Arment v. City of Dodge City

97 Kan. 94 | Kan. | 1916

The opinion of the court was delivered by

West, J.:

The plaintiff sued the city and its commissioners to enjoin the paving of a certain street. The defendants in response to a notice appeared by counsel and successfully resisted the granting of a temporary injunction. No summons was issued. It was averred, among other things, that the defendants had entered into a contract for the paving and had appointed appraisers who were appraising all the lands in the paving district instead of the abutting property which alone would be liable; that the resolution declaring the necessity of the work had not been published as required, by law. All this was before the passage of any ordinance ascertaining the amount of the assessments. More than thirty days after the passage of such ordinance the plaintiffs filed an amended and supplemental petition and summons was issued and served on the defendants, who moved to strike from this pleading the words “amended and supplemental” because no summons had been issued upon the original petition, which motion was sustained. The defendants then answered, denying the plaintiffs’ allegations and pleading the thirty-day statute of limita*95tions (Laws 1913, ch. 112, § 1). An agreed statement of facts was presented which contained the admission that the resolution declaring the necessity of the work had not been published as required by law and that the ordinance ascertaining the amount of the assessment was not published until nearly two months after the date when the defendants appeared in response to the motion and resisted the granting of the temporary injunction. The cause came on for hearing “upon the legal questions involved therein,” and during the progress of the hearing the trial court made the following among other statements:

“Nothing shown here that indicates the City did not have authority to act, authority to adopt the ordinance and provide for the paving and to assess the cost of it against the property. Now, it may he that they made a mistake and assessed it against property to the center of the block when they should have assessed it only against the abutting property owners; it may be, .but is that such a question now that can be raised at this time as to the thirty days’ limitation? I question it very much, gentlemen. ... It may be they made a mistake in where they ought to have collected the money, but was it not the intention of the Legislature to provide this thirty-day provision to cover just such cases as this? If a party was wrongfully assessed and he ought not to have been assessed, should he not have .come in within thirty days so that the City may change the assessment and repeal their orders to pass new ones and fix the costs where they ought to be? Is n’t that the real purpose rather than permit people to come in a year and a half later, perhaps, when the property is being sold for taxes, and then object? I think that is the fair way to look at the matter.”

Again:

“It is needless for the court to say further that the amendment to the petition made upon March 19th and the summons issued at that time will not date back to the time when the petition was first filed, September 19th, 1913, and that the case as now presented to the court cannot be deemed to date back any further than March 27th, 1914, which was the date of the amendment or the filing of the supplemental petition, so called.”

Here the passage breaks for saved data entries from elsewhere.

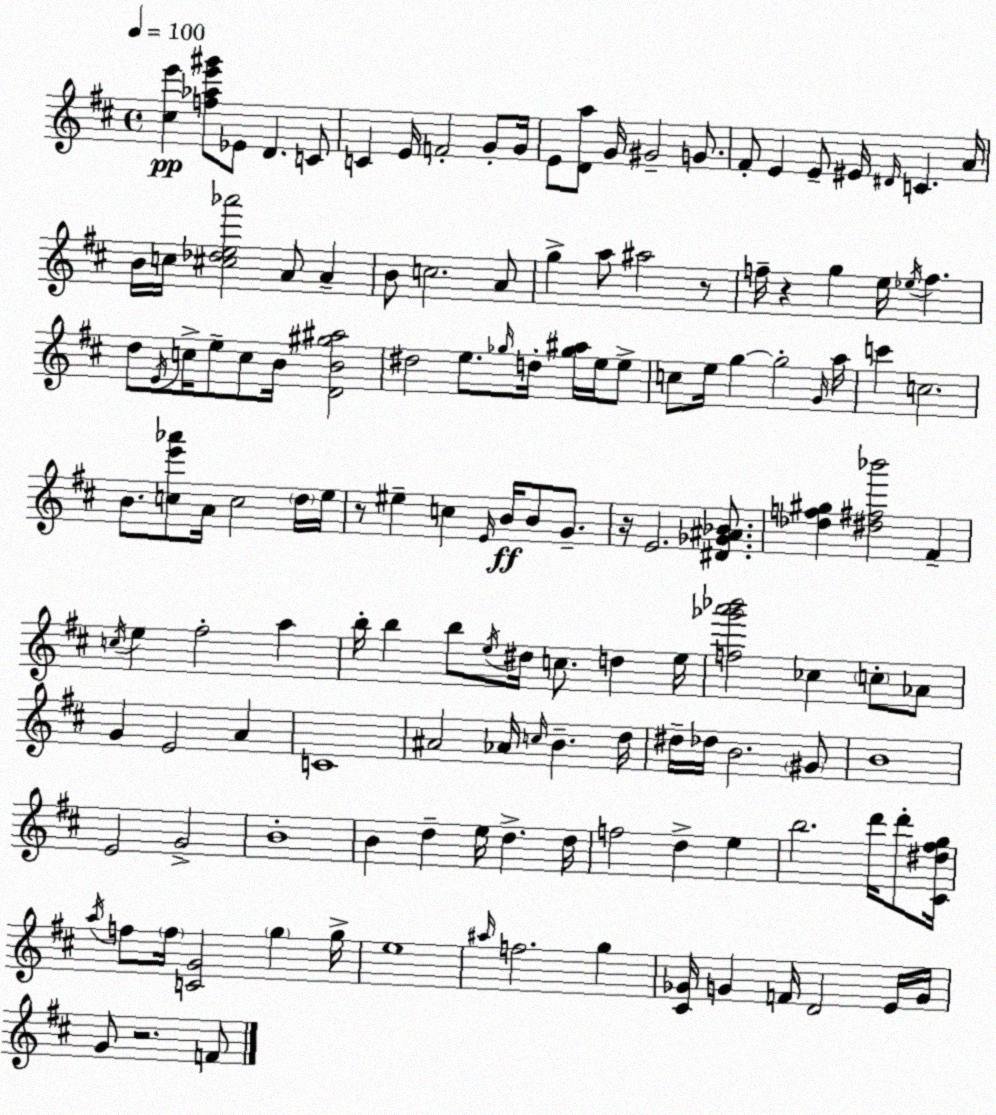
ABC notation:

X:1
T:Untitled
M:4/4
L:1/4
K:D
[^ce'] [f_ae'^g']/2 _E/2 D C/2 C E/4 F2 G/2 G/4 E/2 [Da]/2 G/4 ^G2 G/2 ^F/2 E E/2 ^E/4 ^D/4 C A/4 B/4 c/4 [^c_de_a']2 A/2 A B/2 c2 A/2 g a/2 ^a2 z/2 f/4 z g e/4 _e/4 f d/2 E/4 c/4 e/2 c/2 B/4 [DB^g^a]2 ^d2 e/2 _g/4 d/4 [_g^a]/4 e/4 e/2 c/2 e/4 g g2 G/4 a/4 c' c2 B/2 [ce'_a']/2 A/4 c2 d/4 e/4 z/2 ^e c E/4 B/4 B/2 G/2 z/4 E2 [^D_G^A_B]/2 [_df^g] [^d^f_b']2 ^F c/4 e ^f2 a b/4 b b/2 e/4 ^d/4 c/2 d e/4 [f_g'a'_b']2 _c c/2 _A/2 G E2 A C4 ^A2 _A/4 c/4 B d/4 ^d/4 _d/4 B2 ^G/2 B4 E2 G2 B4 B d e/4 d d/4 f2 d e b2 d'/4 d'/2 [^C^d^fg]/4 a/4 f/2 f/4 [CG]2 g g/4 e4 ^a/4 f2 g [^C_G]/4 G F/4 D2 E/4 G/4 G/2 z2 F/2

Two points are presented by the appeal: The effect of the appearance by the defendants, and the right to raise by supplemental pleading after the thirty-day period had expired the question that the improvement instead of being a pavement of the usual convex kind was in reality a storm sewer or a concave pavement of a street through a low part of the city for general city drainage purposes. The defendants have filed no brief.

*96When the original petition was filed and the notice served upon the defendants and they appeared by counsel without attempting in any way to limit their appearance they were in court for all purposes. It was needless to issue a summons to bring them into court because they were already in. (Hanson v. Hanson, 86 Kan. 622, 122 Pac. 100; Woodhouse v. Land & Cattle Co., 91 Kan. 823, 139 Pac. 356.) Therefore the cause of action, if any, stated in the original petition was one which existed not only before the expiration but before the beginning of the thirty-day period and was entitled to consideration by the court.

It is argued that if the improvement was for the purpose of draining a large section of the city the expense should have been charged to the city and not to the abutting owners, and that such owners might not have consented to the destruction of their street by changing it into a sewer for the benefit of people who paid no taxes upon such street, and that such extraordinary result could not have been foreseen within thirty days from the time the amount of the assessments was ascertained. The court, however, following Gardner v. City of Leavenworth, 94 Kan. 509, 146 Pac. 1000, and cases there cited, holds that with the expiration of the statutory period this defense to the assessment was cut off.

The judgment as to the amended and supplemental petition is sustained. The judgment as to the. original petition is reversed and the cause is remanded for further proceedings in accordance herewith.